Can things which seem unrelated to each other be in some way a yin and yang binary? We set up arbitrary systems where we have the energy run off of one action spill into the self-created engine of another action. Could we let them all collapse and still carry on?

Haven’t we had these house of cards blown apart before? They are the loosest of tarots, bound only by a flimsy balance. Sometimes though, they seem so substantial, that if we are asked to knock them apart because someone else considers it to be necessary, we are reluctant. Why? It has worked for us in the past.

I like to play games with myself to distort the shapes of the things that I create. Why? Because otherwise everything that I create might end up being exactly the same, and who wants to keep trotting out dead communications? Not me.

Different types of writing really do use different muscles. I know some people would disagree with this, but it seems to me an idiotic notion that writing something I can freely make up is going to require exactly the same discipline as crafting something that is fact based and is constrained by that. Being able to let loose with imagination really does loosen up the muscles I use for writing non-fiction.

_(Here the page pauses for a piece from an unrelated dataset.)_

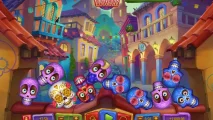 Calaveras Explosivas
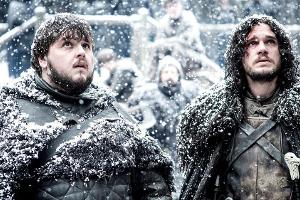 Neun Emmys: "Game of Thrones" räumt ab - mal wieder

If someone argues that having this kind of system in place is some kind of dodge, and that it sets up a mental mechanism that cannot be replicated and taught to someone else, I would not disagree. How are you ever going to write something that I would write? You aren’t me. Forgers aside – I would say that a close approximation is not the same thing. Why do I care to make these distinctions and observations about my own process? Because it means that when it grinds to a halt, either because of my own failures, or because of outside influence, I need to be able to debug it and get the train rolling again. I have always been very self aware and able to observe what is happening with the work I am doing – in order to not lose that, I have to guard against outside efforts to derail it. Produce what is asked for, and do it in the way you are asked, as much as you can. But when it comes to your creativity, is it ever a good idea to let someone else determine what that is and how it manifests? I would argue that it is not.